Caption-style text data:

────

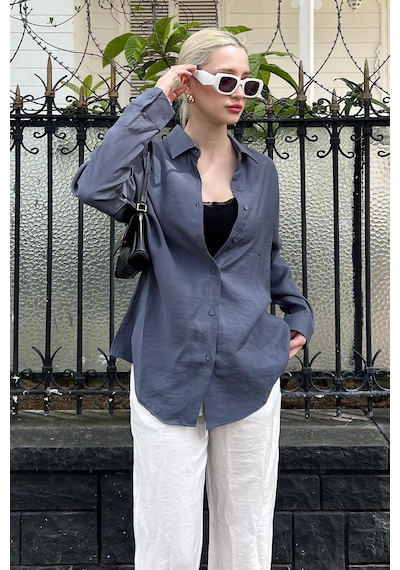 Madmext Füme Uzun Kollu Oversize Gömlek Mg2003-füme Füme
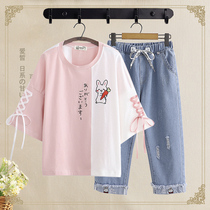 High school students summer suit female new Japanese style left and right color matching top two-piece college style casual sports suit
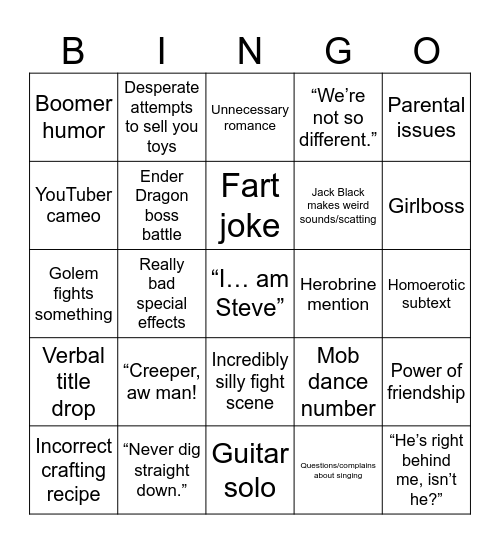 Minecraft Movie Bingo Card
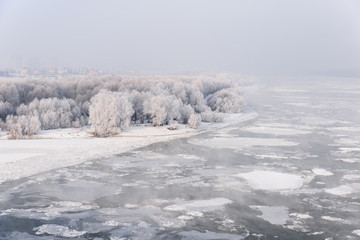 Drifting ice on the river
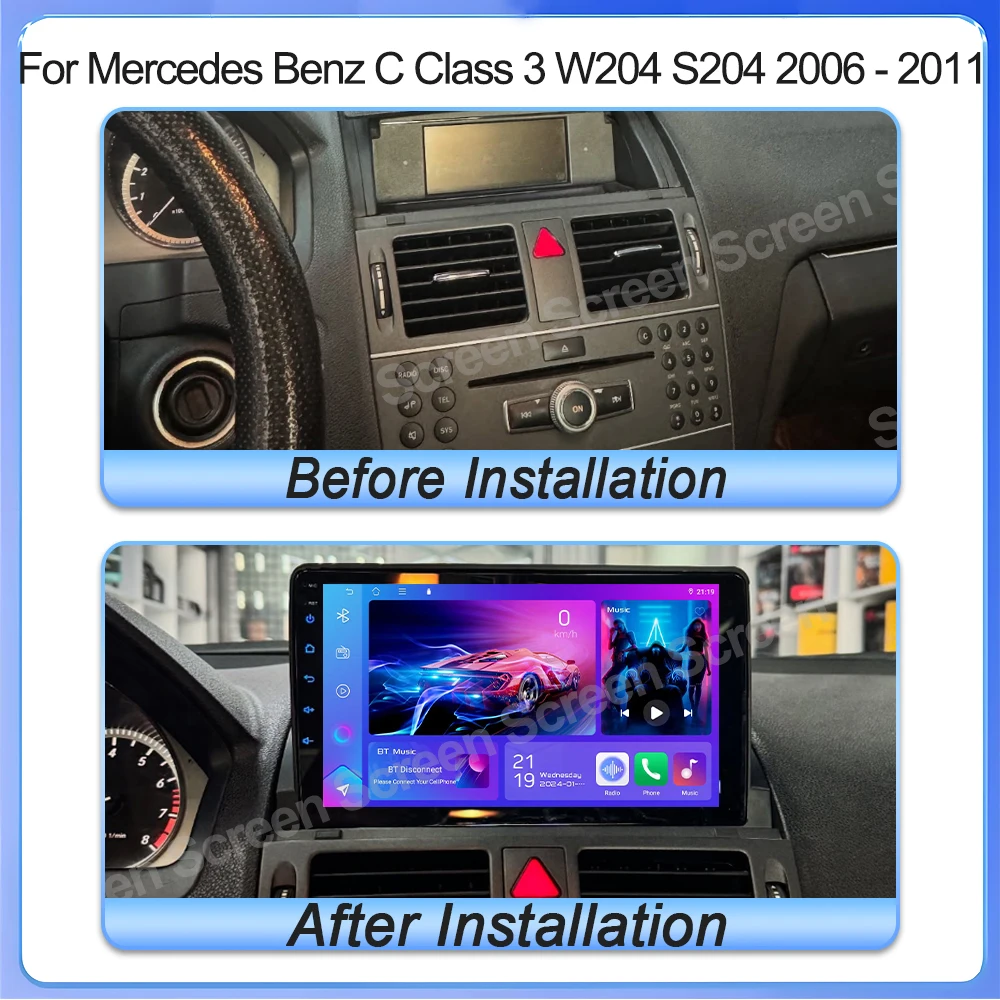 Android 15 para mercedes benz classe c 3 w204 s204 2006 - 2011 rádio do carro reprodutor de vídeo multimídia bluetooth espelho link rds wifi 5g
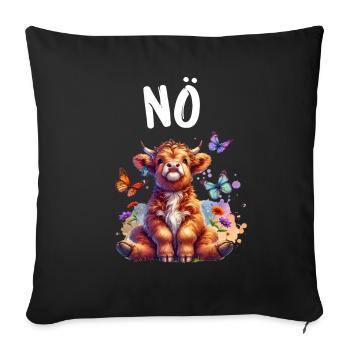Highland Cow dit non pour les garçons et les filles - Housse de coussin décorative 45 x 45 cm - noir - Devant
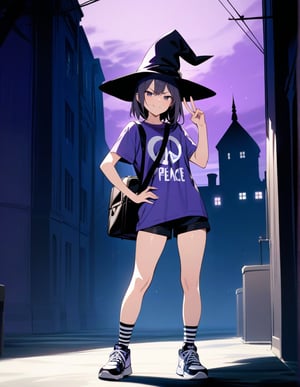 Masterpiece, Top Quality, High Definition, Artistic Composition,1 girl, wizard hat, smug face, printed shirt, standing tall, shorts, striped two-socks, sneakers, standing with legs spread, right hand on hip, left hand making peace sign, Schoolbag, meeting, purple sky, eerie background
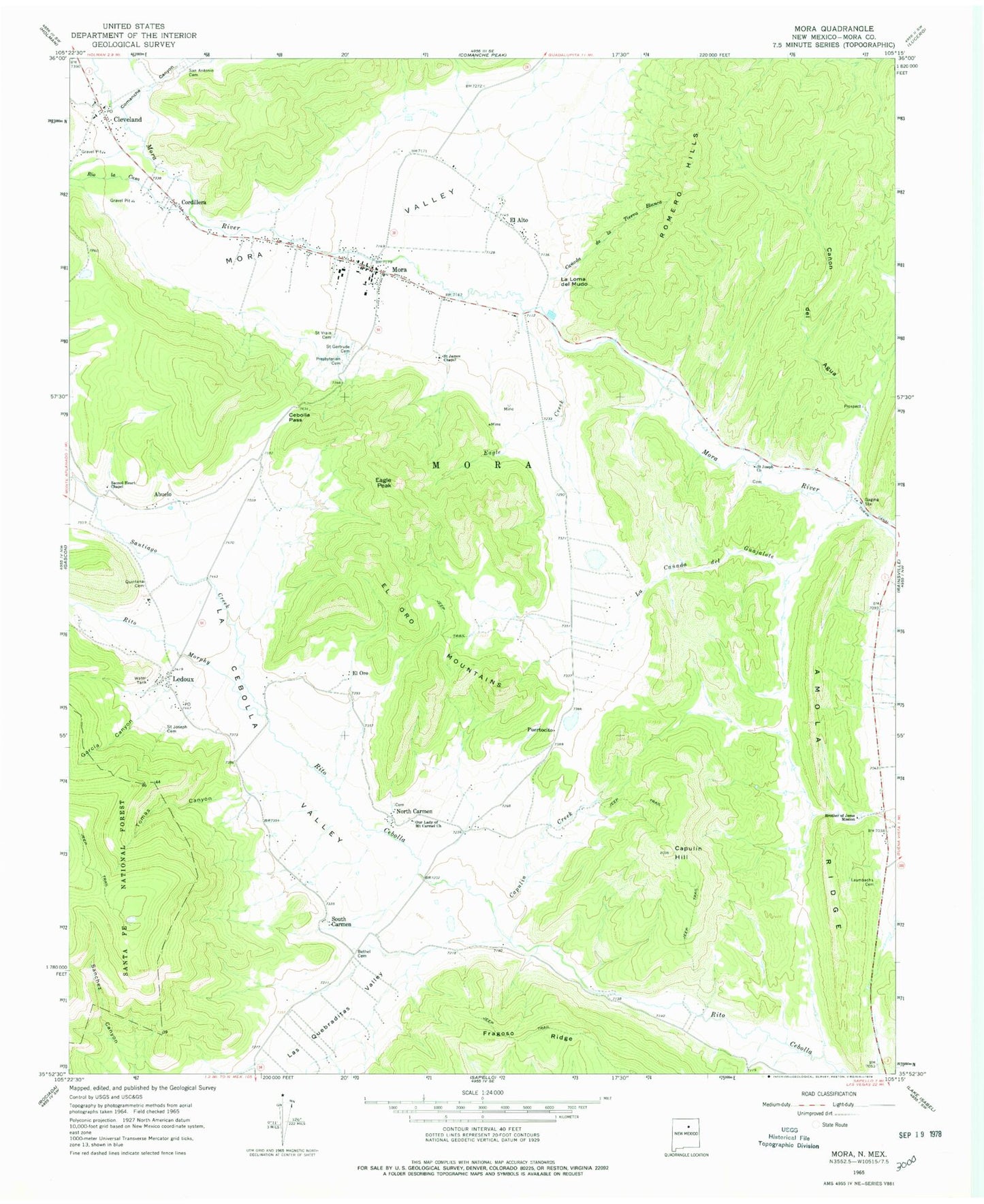 Classic USGS Mora New Mexico 7.5'x7.5' Topo Map Image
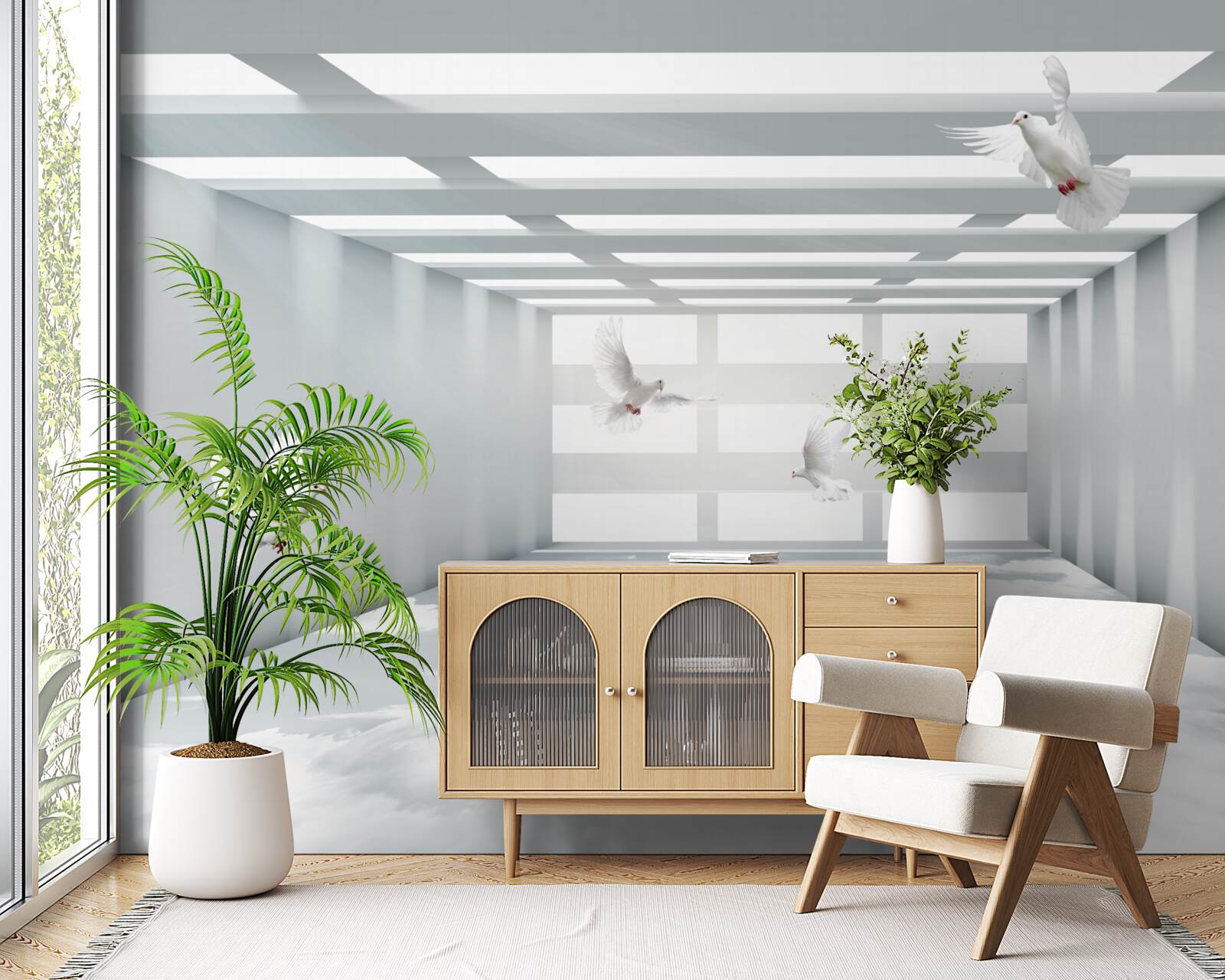 Fototapeta jasne przejście, w którym w powietrzu unoszą się motyle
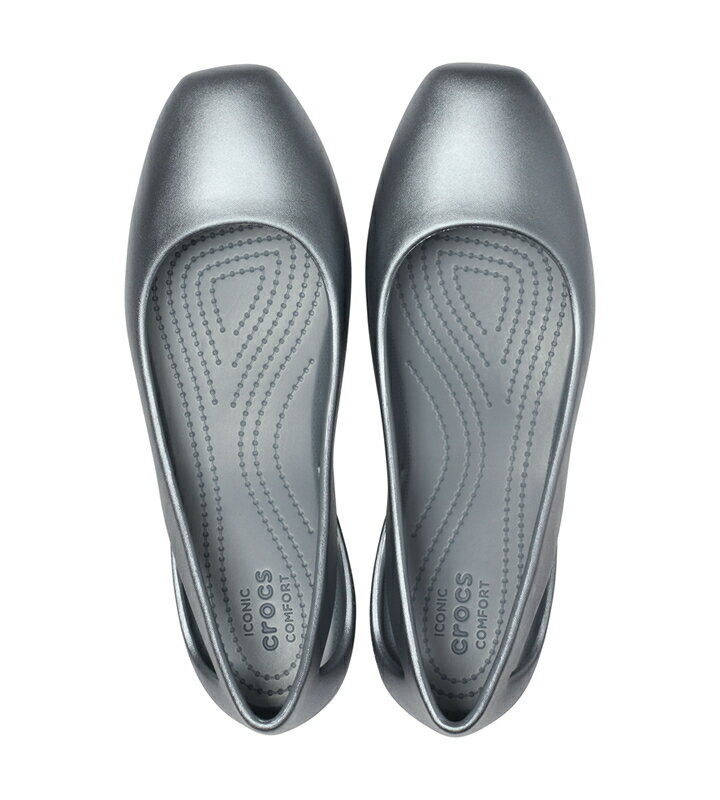 【クロックス crocs レディース】Sloane Metallic Flat Ws/スローン メタリック フラット ウィメン/メタリックチャコール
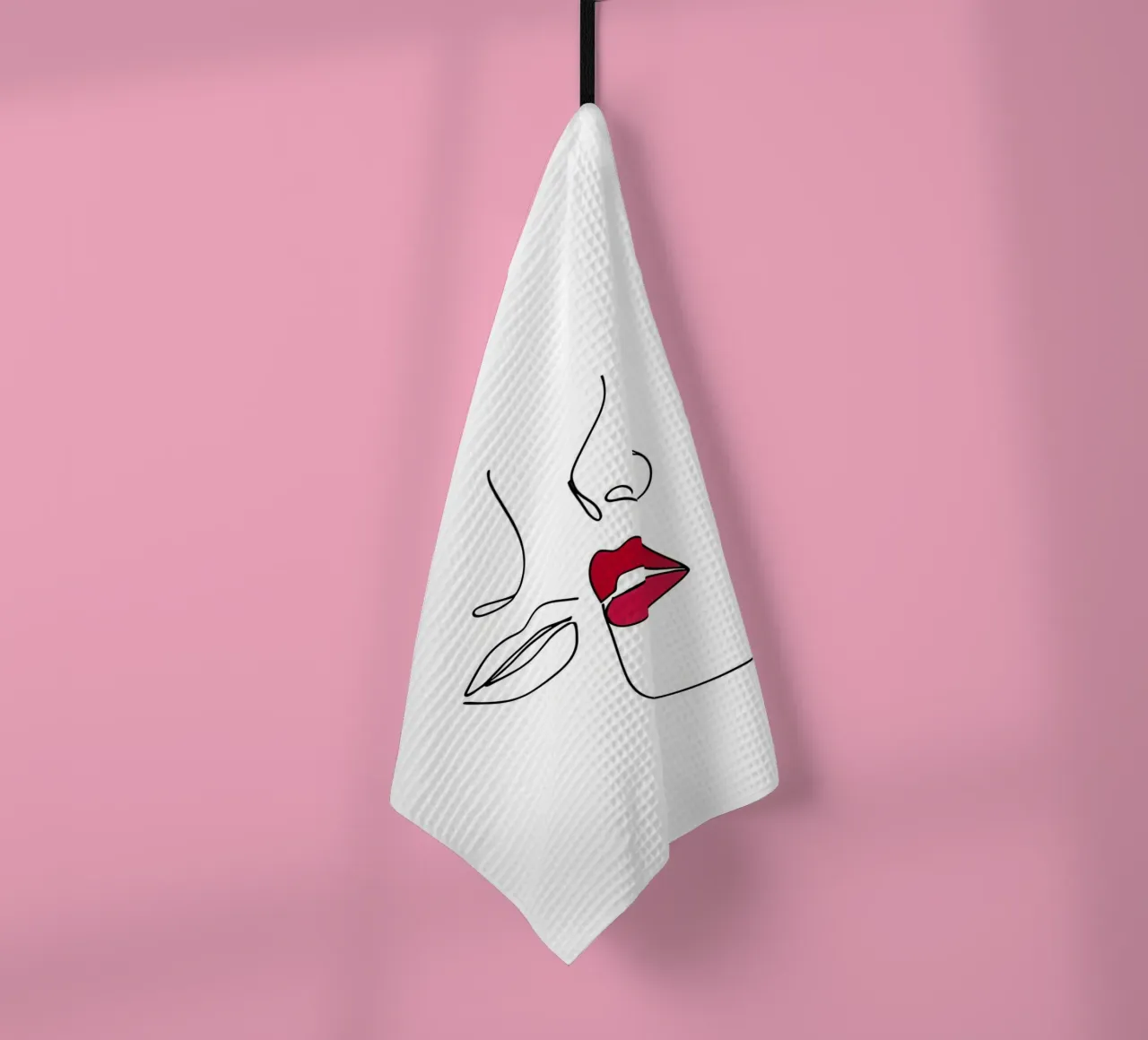 Baiser - Dessin au trait minimaliste torchon de Viv Line Art
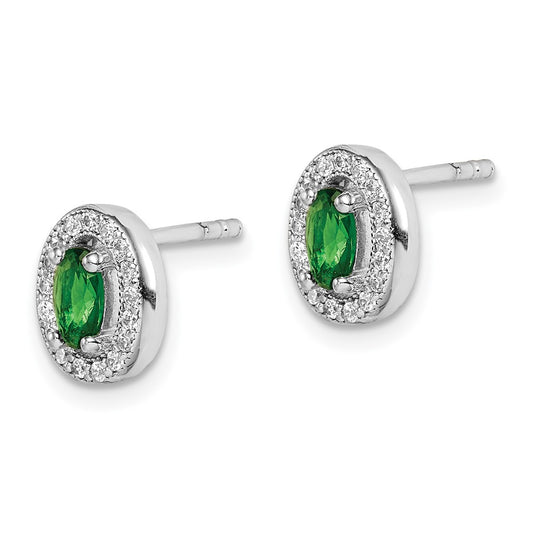 Rhodium-plated Sterling Silver Green and White CZ Oval Post Earrings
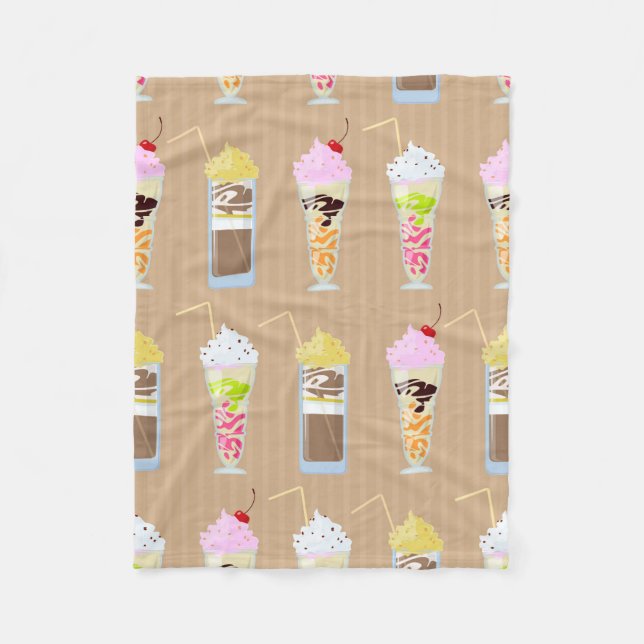 Fun Milk Shake Design Fleece Blanket (Front)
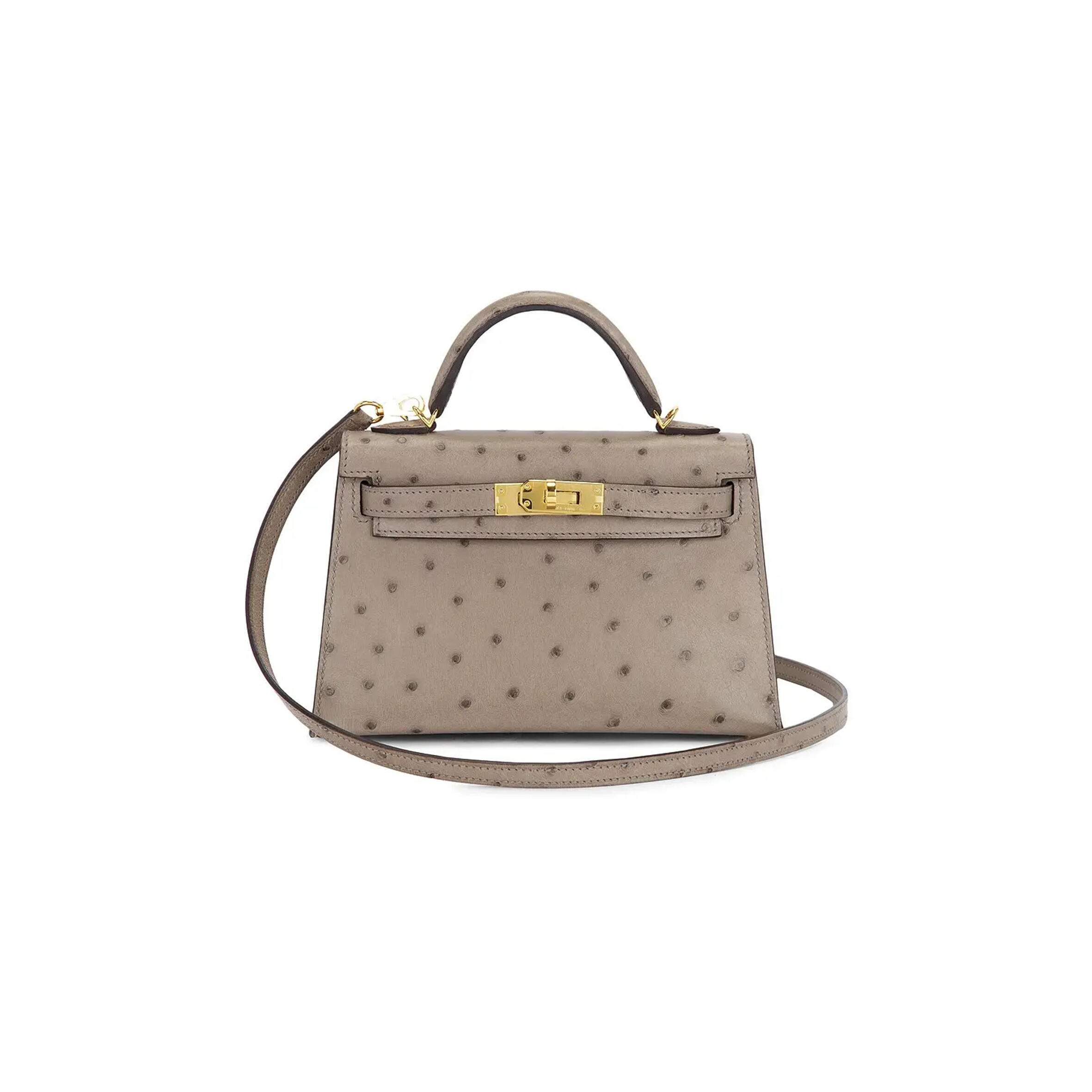 HERMÈS MASTER MINI KELLY 20 HANDBAG OSTRICH 302025 (19*12*5.5cm)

────

Exercise objective: Leave out the pictures, then give all the records again exactly.

Answer space:
 Madmext Füme Uzun Kollu Oversize Gömlek Mg2003-füme Füme
 High school students summer suit female new Japanese style left and right color matching top two-piece college style casual sports suit
 Minecraft Movie Bingo Card
 Drifting ice on the river
 Android 15 para mercedes benz classe c 3 w204 s204 2006 - 2011 rádio do carro reprodutor de vídeo multimídia bluetooth espelho link rds wifi 5g
Highland Cow dit non pour les garçons et les filles - Housse de coussin décorative 45 x 45 cm - noir - Devant
 Masterpiece, Top Quality, High Definition, Artistic Composition,1 girl, wizard hat, smug face, printed shirt, standing tall, shorts, striped two-socks, sneakers, standing with legs spread, right hand on hip, left hand making peace sign, Schoolbag, meeting, purple sky, eerie background
 Classic USGS Mora New Mexico 7.5'x7.5' Topo Map Image
 Fototapeta jasne przejście, w którym w powietrzu unoszą się motyle
 【クロックス crocs レディース】Sloane Metallic Flat Ws/スローン メタリック フラット ウィメン/メタリックチャコール
 Baiser - Dessin au trait minimaliste torchon de Viv Line Art
 Rhodium-plated Sterling Silver Green and White CZ Oval Post Earrings
 Fun Milk Shake Design Fleece Blanket (Front)
 HERMÈS MASTER MINI KELLY 20 HANDBAG OSTRICH 302025 (19*12*5.5cm)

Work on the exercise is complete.